New Writing 10, Picador (London, England), 2001.
Also contributor to books, including My England, Heinemann (New York, NY), 1973, and Egypt: Antiquities from Above, Marilyn Bridges, Little, Brown (Boston, MA), 1996. Contributor of short stories and articles to periodicals, including Encounter, Vogue, Cosmopolitan, Good Housekeeping, Literary Review, and Quarto. Reviewer for newspapers and author of television and radio scripts. Many of Lively's writings have been translated into other languages.
ADAPTATIONS:
Several of Lively's books have been adapted as audiobooks, including House Inside Out, Chivers Press, 1988. The Ghost of Thomas Kempe was adapted for television by ABC-TV, 1979.
SIDELIGHTS:
Penelope Lively, author of more than forty books for children and adults, has distinguished herself as a writer of both juvenile and adult books in a career spanning over thirty years. She has won such prestigious awards as the Booker-McConnell Prize and the Whitbread Award. Publishers Weekly contributor Amanda Smith considered Lively "one of England's finest writers," and added that her novels are "characterized by intelligence, precision and wit." Sheila A. Egoff, in her Thursday's Child: Trends and Patterns in Contemporary Children's Literature, wrote that Lively "has an uncannily accurate and honest recall of what it is like to be a child in a world made for adults." As to her adult fiction, a Times Literary Supplement contributor commented that Lively conveys "a prose that is invariably as precise as it is unostentatious."

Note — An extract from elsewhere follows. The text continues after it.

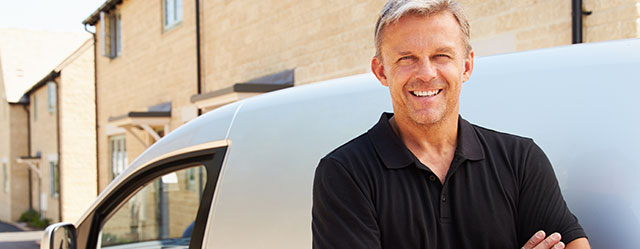 Roll Up Gate Company Maryland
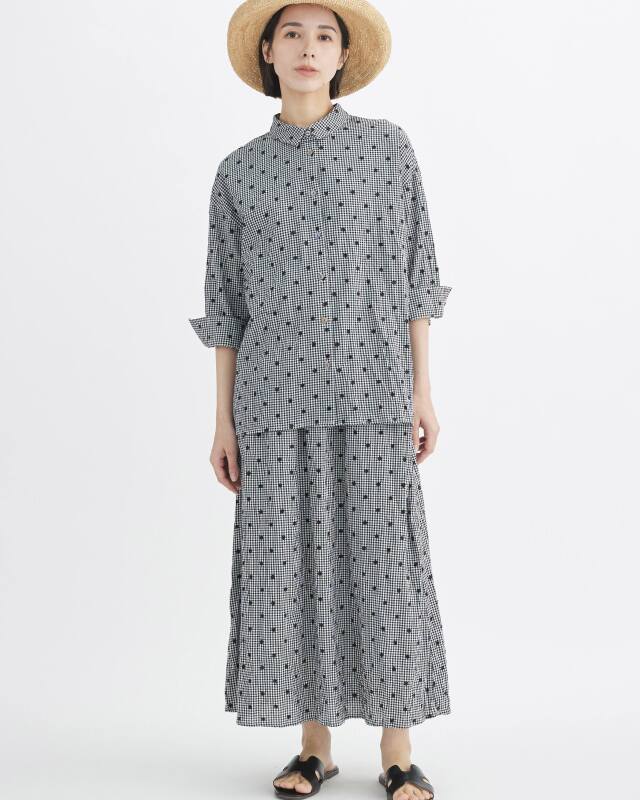 160cm ブラック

Lively began writing children's books while raising her two children, Josephine and Adam. Writing stories for children was a convenient way to express her interests. Lively's first published novel, Astercote, explored her fascination with deserted medieval villages. Although the book was criticized for its lack of living characters and convincing dialogue, reviewers also found it intriguing and exciting. Lively published two subsequent juvenile novels, The Whispering Knights and The Driftway. The Driftway follows Paul and his tagalong sister as he runs away from his stepmother and a charge of shoplifting. He comes across an old road that has been used for thousands of years by various travelers. These travelers have left messages from the past, which Paul is able to see and interpret with the help of a cartdriver named Bill. The characters from the past make him aware that "there is more than one point of view to every story, and he takes the first steps away from the morbid self-absorption of childhood towards feeling sympathy for others," wrote a Times Literary Supplement reviewer. Some writers, such as John Rowe Townsend, writing in A Sounding of Storytellers: New and Revised Essays on Contemporary Writers for Children, felt that the point of the story is weakened because the book as a whole lacks a strong story line—the reader never does find out what happens to Paul and his sister. The Driftway won the Children's Spring Book Festival Award in 1973.
Lively's best-received juvenile book, The Ghost of Thomas Kempe, offers a light approach to the coming-of-age theme. The author uses one of her favorite devices in this book: the ghost. The story involves a boy's visitation by the spirit of a sorcerer from Stuart, England. At first, the ghost seems only mischievous, but it slowly becomes more and more menacing. James learns through the ghost what wickedness is, and is only able to put Kempe, the ghost, to rest by learning to recognize and cope with the wickedness within himself. Many critics agreed that The Ghost of Thomas Kempe is a well-written children's book. David Rees, author of The Marble in the Water: Essays on Contemporary Writers of Fiction for Children and Young Adults, felt that the book is of such high quality because for the first time "the author is completely sure of her own abilities, and the writing has a positiveness that derives from the author's pleasure in her awareness of these abilities."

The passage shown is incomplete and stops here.